Simmons, who has said that Allah, working through the Nation of Islam has helped young criminals change their lives for the better, implied last week that God was going to punish America if we didn’t do what President Obama wants us to do. He said that we were under indictment, apparently by an invisible father figure who really likes socialism and doesn’t want anyone to achieve Simmons’ level of success. God, according to Simmons’ ideology, apparently wants us all to be equally miserable. (God actually wants us all dead, given that until we invented science and started figuring out how to extend our lives, we died in our twenties. But that’s another article.) Simmons actually believes that his god, who created all of existence and (as most believers tell me when we discuss the matter) created the whole of the good in the universe, will hurt us if we don’t do what one man in one tiny little whisper of time (cosmically speaking) tells us to do. As someone who thinks religion is mostly primitive superstition and performance theater, I can’t help but be afraid.

If Russell Simmons could put aside what he learned from his “second father” Louis Farrakhan and his nutty superstitions, including a 6 a.m. prayer and meditating in the “zen room” he showed off on “MTV Cribs,” he could really transform peoples’ lives. If he could stop believing that Allah or God or Jesus (Simmons doesn’t publicly define himself by any religion) handed him his beautiful life and recognize that it came from his own hard work, understanding of and ability to cross cultural barriers, tremendous foresight, and perfecting the hustle he developed as a street kid before transforming it into slick, successful and legitimate business practices, he might be able to inspire others to aspire to create the same for themselves. He might also recognize that Allah hasn’t ever helped a single young criminals turn his life around, but rather it was the desire within those young men to aspire to more, to clean up and work hard.

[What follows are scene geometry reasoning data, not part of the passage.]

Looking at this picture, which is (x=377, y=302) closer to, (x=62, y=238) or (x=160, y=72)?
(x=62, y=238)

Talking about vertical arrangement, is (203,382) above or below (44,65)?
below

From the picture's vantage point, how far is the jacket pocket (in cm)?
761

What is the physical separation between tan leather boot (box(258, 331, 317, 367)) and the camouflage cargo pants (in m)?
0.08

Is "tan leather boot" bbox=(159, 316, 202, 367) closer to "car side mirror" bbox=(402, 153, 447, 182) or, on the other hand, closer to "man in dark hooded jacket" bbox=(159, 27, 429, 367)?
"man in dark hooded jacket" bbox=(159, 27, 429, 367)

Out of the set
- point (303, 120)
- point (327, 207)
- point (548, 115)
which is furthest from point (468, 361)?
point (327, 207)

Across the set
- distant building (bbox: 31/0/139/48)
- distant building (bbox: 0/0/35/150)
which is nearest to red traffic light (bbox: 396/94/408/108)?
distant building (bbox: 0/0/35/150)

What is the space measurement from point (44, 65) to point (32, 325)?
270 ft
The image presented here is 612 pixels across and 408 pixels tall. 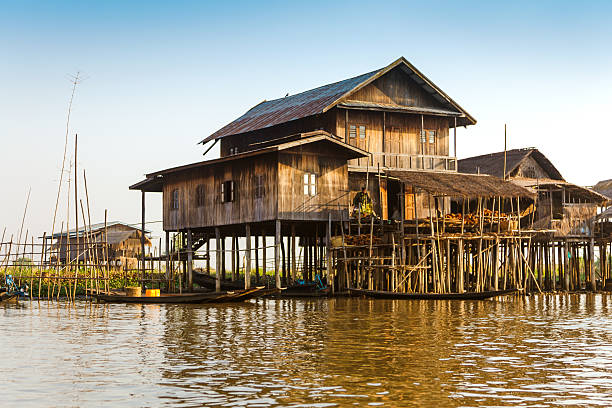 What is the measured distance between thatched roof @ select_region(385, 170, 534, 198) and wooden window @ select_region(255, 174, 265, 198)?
522cm

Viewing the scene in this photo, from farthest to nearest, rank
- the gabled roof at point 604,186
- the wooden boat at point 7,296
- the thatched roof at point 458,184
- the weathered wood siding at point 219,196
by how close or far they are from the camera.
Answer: the gabled roof at point 604,186, the weathered wood siding at point 219,196, the wooden boat at point 7,296, the thatched roof at point 458,184

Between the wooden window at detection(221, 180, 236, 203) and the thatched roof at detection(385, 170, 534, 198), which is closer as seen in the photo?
the thatched roof at detection(385, 170, 534, 198)

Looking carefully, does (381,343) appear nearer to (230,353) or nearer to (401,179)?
(230,353)

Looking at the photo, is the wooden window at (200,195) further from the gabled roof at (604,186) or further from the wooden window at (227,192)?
the gabled roof at (604,186)

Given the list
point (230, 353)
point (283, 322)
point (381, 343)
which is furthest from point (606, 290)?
point (230, 353)

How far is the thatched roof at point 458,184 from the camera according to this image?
31.6 meters

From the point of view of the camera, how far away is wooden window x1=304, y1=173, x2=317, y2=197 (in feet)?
110

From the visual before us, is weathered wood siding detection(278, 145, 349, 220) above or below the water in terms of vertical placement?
above

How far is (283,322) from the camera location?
22609 millimetres

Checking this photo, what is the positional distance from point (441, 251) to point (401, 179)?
10.3ft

It is only the will of people to make the world better that ever actually makes the world better. It’s not Jesus who sends those checks to the kids Sally Struthers used to parade around on late night TV, it’s you. Moses hasn’t fed anyone in Bangladesh in a long, long time. The Buddha never helped anyone with AIDS, but Penn and Teller have. And it’s not Allah who gives clean water and sanitation to third-world nations, it’s Matt Damon. Batman and Superman aren’t going to save the world and God isn’t going to destroy it. We’ll have to do all of that. And for the most part, we try to do good things for people we love, and sometimes for people we don’t even know, as someone did for me this past week.

Simmons’ apocalyptic statement last week really scares me. It scares me because it discounts mankind as a whole, and places our collective destiny in the non-existent hands of an invisible man who lives in the sky. It scares me even more, however, because it uses and abuses the irrational fear many people have of punishment at the hands of whatever god to push a political agenda that directly contradicts Simmons own life experience and the foundation of a country that gave him the chance to achieve success most of us can’t even imagine. But try to imagine it for a moment: Imagine being able to buy anything in the world you want. Or give as much money as you want to any cause or charity or individual you want. Or to be able to take your children anywhere in the world you want at a moment’s notice. That’s Russell Simmons’ life.

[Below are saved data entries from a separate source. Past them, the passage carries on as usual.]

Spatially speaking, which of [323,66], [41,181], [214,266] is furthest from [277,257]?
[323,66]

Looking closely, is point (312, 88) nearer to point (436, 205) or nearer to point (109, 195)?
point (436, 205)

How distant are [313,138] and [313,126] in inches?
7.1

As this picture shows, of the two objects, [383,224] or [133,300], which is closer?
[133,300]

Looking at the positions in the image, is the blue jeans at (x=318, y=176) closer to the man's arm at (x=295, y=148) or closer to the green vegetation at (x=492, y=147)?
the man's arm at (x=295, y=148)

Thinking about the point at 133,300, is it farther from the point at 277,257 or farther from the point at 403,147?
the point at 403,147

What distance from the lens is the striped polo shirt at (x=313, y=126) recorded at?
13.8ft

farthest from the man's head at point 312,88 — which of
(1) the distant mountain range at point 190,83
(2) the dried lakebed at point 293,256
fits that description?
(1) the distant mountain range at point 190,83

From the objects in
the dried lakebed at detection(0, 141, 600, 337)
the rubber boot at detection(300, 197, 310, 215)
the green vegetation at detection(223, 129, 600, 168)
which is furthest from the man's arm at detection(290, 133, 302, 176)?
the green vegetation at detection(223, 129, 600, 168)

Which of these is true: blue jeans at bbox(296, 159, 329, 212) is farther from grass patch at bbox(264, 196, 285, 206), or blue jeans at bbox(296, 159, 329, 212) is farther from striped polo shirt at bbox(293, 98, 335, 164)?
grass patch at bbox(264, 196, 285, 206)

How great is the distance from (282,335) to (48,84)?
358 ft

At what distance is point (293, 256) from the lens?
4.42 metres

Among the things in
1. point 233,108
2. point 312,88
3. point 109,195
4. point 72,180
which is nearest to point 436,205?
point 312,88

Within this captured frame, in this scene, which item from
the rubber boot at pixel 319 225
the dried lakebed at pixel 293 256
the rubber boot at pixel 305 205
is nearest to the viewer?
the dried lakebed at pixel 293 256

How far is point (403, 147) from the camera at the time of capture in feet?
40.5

Now imagine you have created all of that through your own hard work and intelligence and you tell people they must believe in an invisible man or face destruction. And then you use the power you have built from less-than-nothing to encourage people to follow a man whose policies would have kept you from achieving what you have worked so hard for and that would condemn those people who you could otherwise inspire to a life where hard work no longer means anything and excellence is a distant memory. Like I said, Russell Simmons confuses me.